Valerie Perkins, under the nom de plume of Valley Girl, has dispensed with the attention of the men-in-suits and balance-sheet record execs, and launched an album all on her own. Albeit with the aid of some famous and not-quite-as-famous knob-twiddlers.

There ain't nothing wrong with the do-it-yourself ethic. We all know that parking your arse in a office all day clock-watching isn't necessarily gonna shake the world to its armpits and bring civilisation on, or even behind, a notch or two.

However, in a crowded marketplace, quality counts in large amounts. And plucky amateurs need to have some degree of ramshackle charm or singularity of vision to get noticed. Sadly, Valley Girl's debut Glamorous World doesn't really show either.

It's difficult to find exactly what constellation Perkins imagined her Glamorous World revolving in.
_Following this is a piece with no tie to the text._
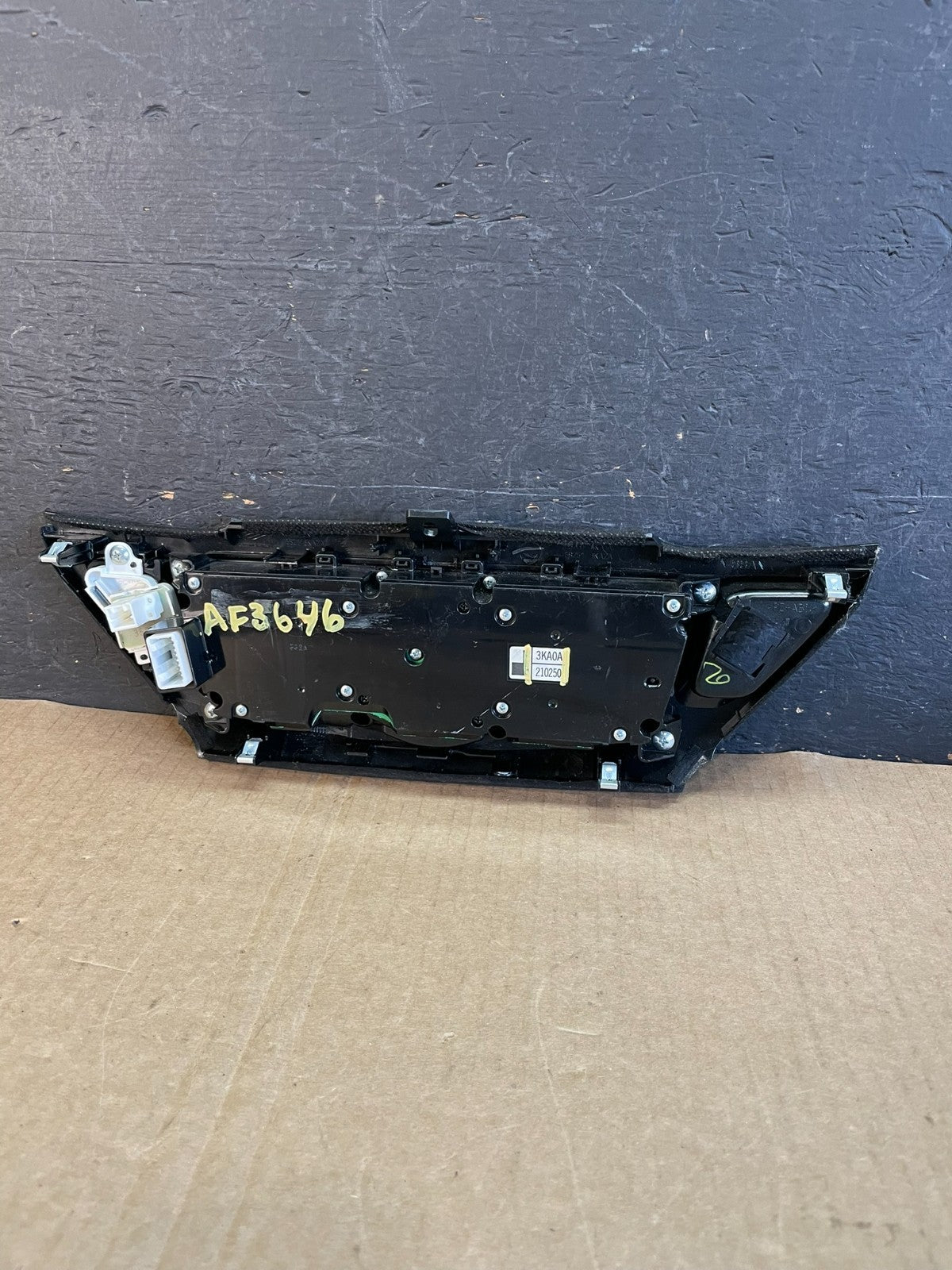 2013 to 2015 Nissan Pathfinder Information Display Control AF3646 DW6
Much of the album is House-lite, tastefully-lit bar fare, neither subtle enough to strain a curious ear to, nor busy enough to intrude on wine-fuelled fat-chewing over property prices, carbon footprints and the merits of prospective England managers.
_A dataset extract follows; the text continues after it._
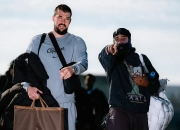 快船狂砍爆发新星分，复出首战轰40分迎来新赛季高光！的简单介绍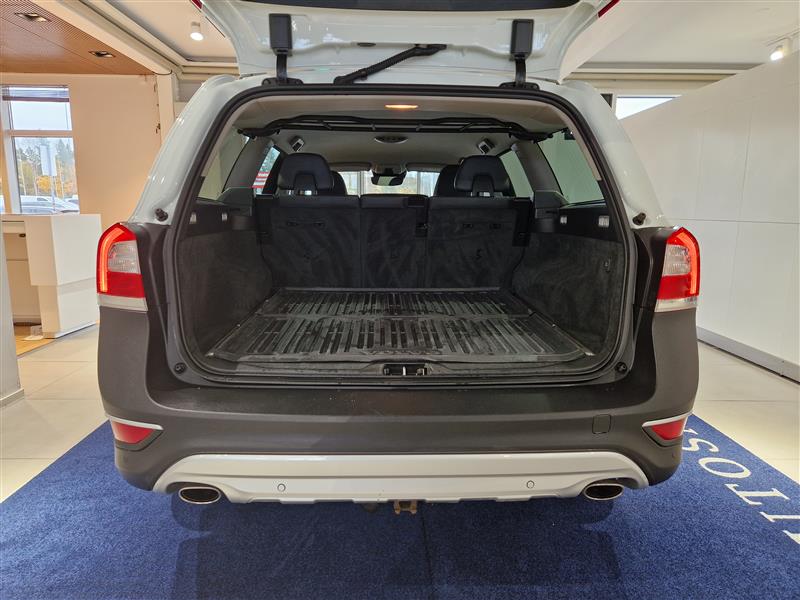 VOLVO XC70 2015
And then there are times (particularly on Cartoon Pictures) where Perkins is recast as PJ Harvey's bandwagon-jumping little sister. But where Somerset's finest often sounds as if she's howling lonesome under a baleful moon, Ms. Perkins just sounds as if she's getting over a particularly troublesome hangover.

Given some of the hired help, it's also doubtful whether Perkins's beginner's status is truly ironclad. Some networking must have taken place to enlist the aid of 7Hurtz's Lascelle, Position Normal's Chris Bailiff, and more notably, the DFA duo of James Murphy and Tim Goldsworthy.

Despite their input, much of Glamorous World gets lost in a forced desire to offer some sensual underpinning to all the retro-Housiness. Perkins' own voice lacks the depth to drag the studio-bound treatments up a notch into any level of absorption into her muse.

Compare this album to Maurice Fulton and Kathy Diamond's masterful rediscovery of House's soul-edged capabilities on this year's Miss Diamond To You, and the difference is a big as the nose on yer face. Particularly if you've got a really big hooter.

All that said, the presence of the LCD Soundsystem on Power To You Child and Dizzy Star does manage to drag Glamorous World away from the rather grumbly atmos. Amazing what a few uplifting key changes can do.

Without their help, the only time the album really hits the mark is on the slinky paean to submission, Addicted. Carried away on some buzzing Beloved-like b-line's, for once Perkins doesn't sound outgunned by the arrangements, and out-of-place with all the digital bleaching.

Ultimately, Glamorous World is one for the LCD completists.